If you get injured back to back to back on multiple projects, you’re going to burn your name and no one’s going to want to hire you because they’ll say, “Well, he’s been getting injured these past four projects. So why would we hire him?” You don’t want to be that guy.
There’s a great brother and sisterhood on set, too. We always look out for each other. So if a person is gonna do a wire gag that’s going to throw them across the room, we already have things set up to catch them just in case they overshoot, or if they roll after they land. We always look out for each other and make sure everyone’s safe. So that’s another thing. I love working in this industry. Everyone is looking out for each other.

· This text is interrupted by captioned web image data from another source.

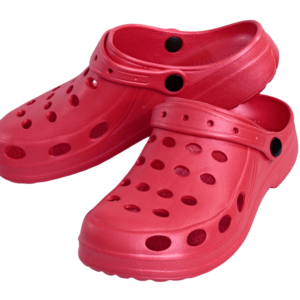 F002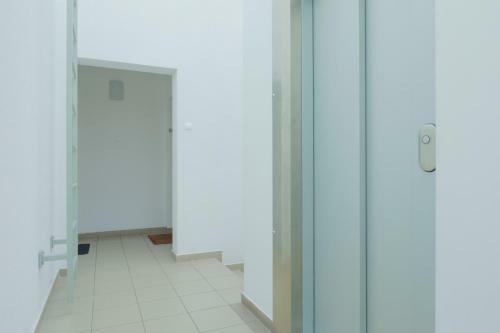 Apartamenty Laguna Baltic Park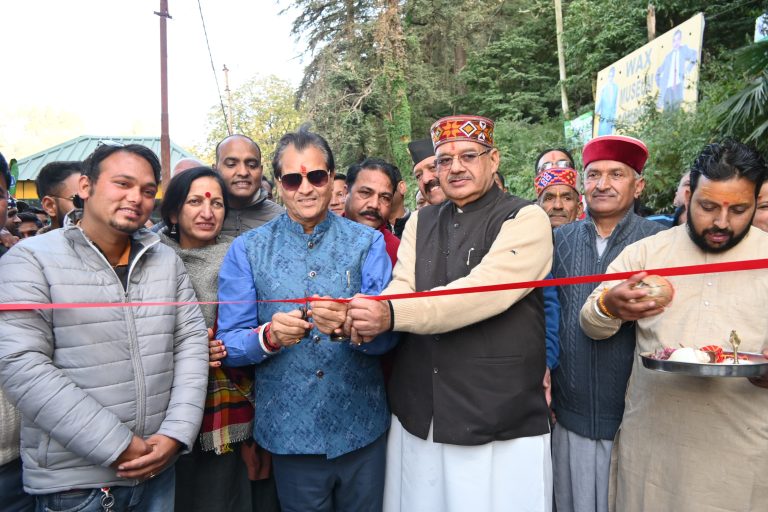 WhatsApp Image 2024-11-21 at 6.32.17 PM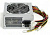 Блок питания LinkWorld ATX 350W LW6-350W 24 pin, 120mm fan, 2*SATA I/O switch, power cord, RTL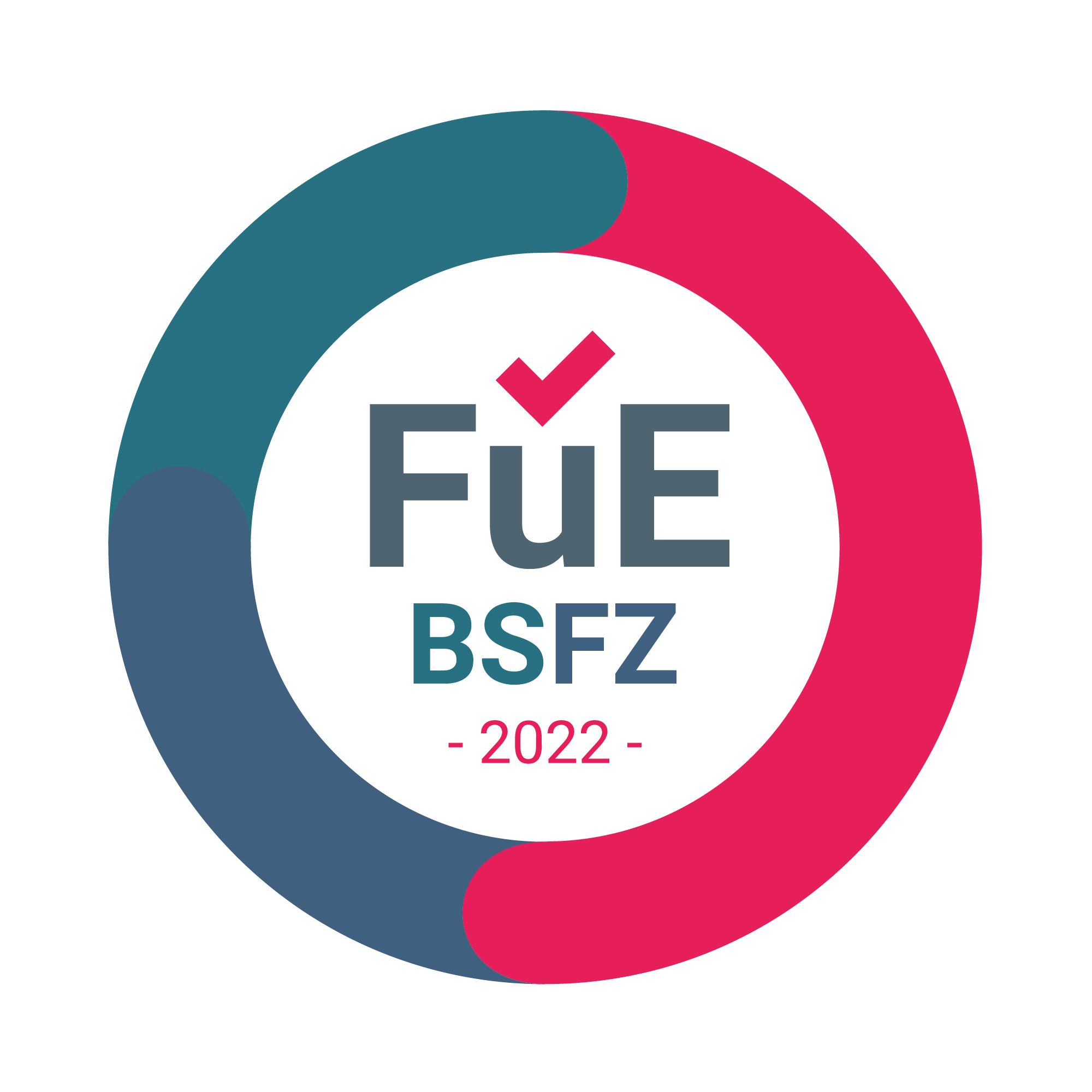 KYOCERA Fineceramics Europe GmbH erhält BSFZ-Siegel (Die Bildrechte liegen bei dem Verfasser der Mitteilung.)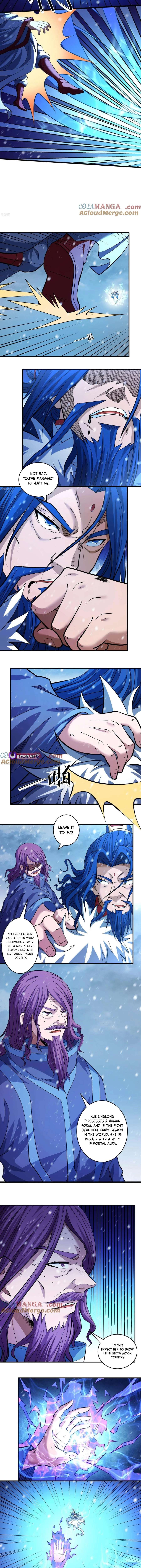 Page 2 of Chapter 869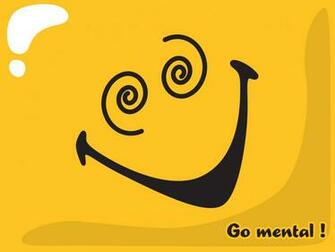 Glitter Emoticon Clip Art On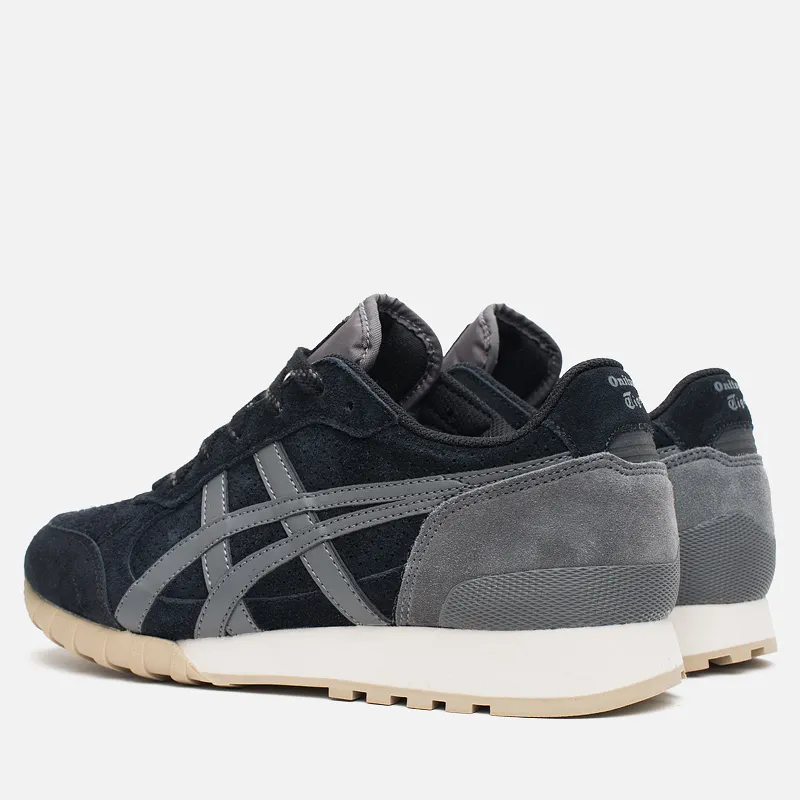 Onitsuka Tiger Мужские кроссовки Colorado 85
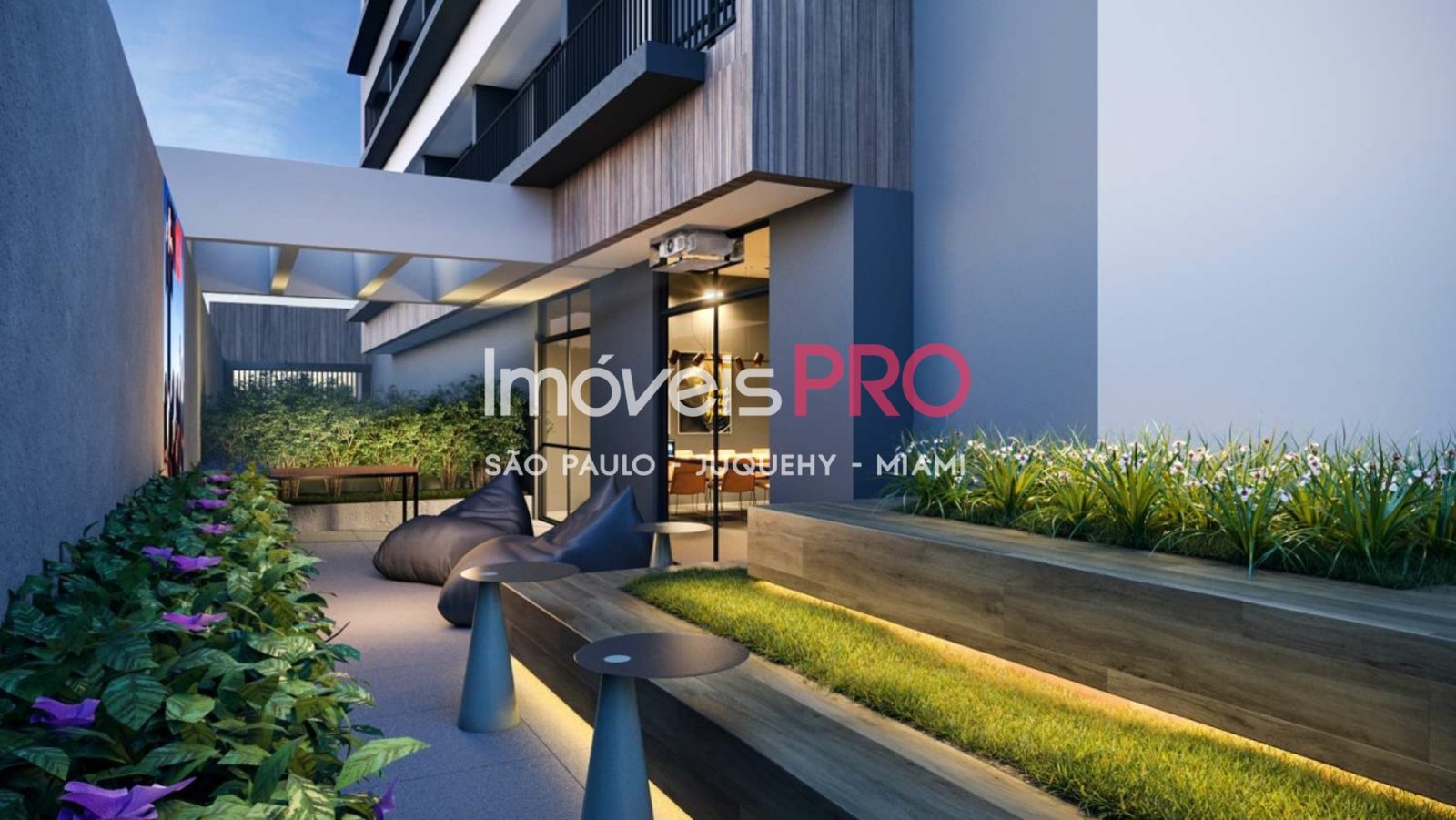 Foto :: IP39649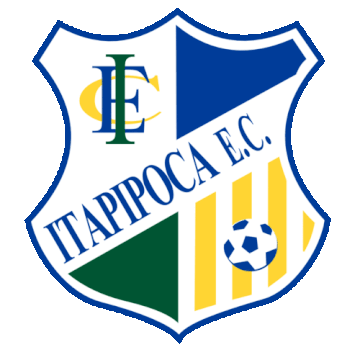 Itapipoca Esporte Clube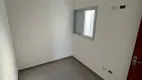 Foto 21 de Casa de Condomínio com 2 Quartos à venda, 65m² em Vila Ré, São Paulo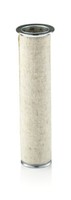 Mann-Filter CF 922 Zweite Luftfilter FüR Aebi, Deutz-Fahr, International Harv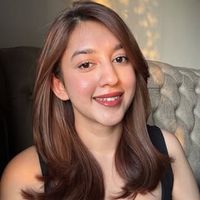 Photo of Saumya Negi Chetha 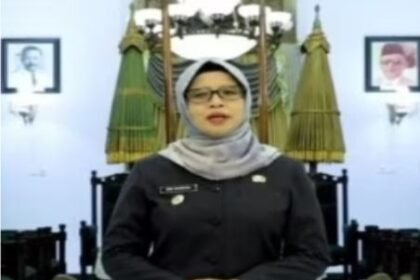 Screenshot 20240530 184503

It’s cliche, but…work hard.
Nothing will come into your life until you’re grateful for what you already have. We always see things that we wish we had, but I always say just look at where you are now, where you used to be, and where you want to go, and keep that focused and you won’t really care about anyone else because anyone that’s out here that you wish you had, you’re able to get if you want it, if you work for it. So, never dwell on what you don’t have because you’re able to get it, you just have to work on getting it if that’s what you want.
And finally…favorite stunts
I started out jumping out of abandoned buildings onto mattresses. I will try everything. I love it. If someone asks if I’ve ever done a stunt before, I say: “No, but I’ll try it.” I’ve never refused to do a stunt.
One time, I was fighting one of the Outriders in Infinity War and they made it where one of them hit me, and I got dragged across the set. So that was a lot of fun, cause I’m getting dragged and I’m rolling, and I’m seeing all this dirt, and I’m still holding on to my weapon at the same time. We did maybe six or seven takes of that. Another one is called Dead Man’s, where they anchor a wire in the ground and they attach it to a harness that you have on under your costume. You just have to run as hard and fast as you can. You know how a dog is on a leash and they try to run and then someone pulls them back? That’s exactly what the wire does to you. So you’re running full speed and that thing yanks you and your legs pull up in the air and you just smack the ground. I love doing those as well.
And then another one is when I was on tour, and there are moving vehicles going around, and I had to run and jump on the back of them and I got dragged by the car. So I’m swinging and then stuff falls, behind us flying across the floor, turning, holding on with one arm. It was a lot of fun.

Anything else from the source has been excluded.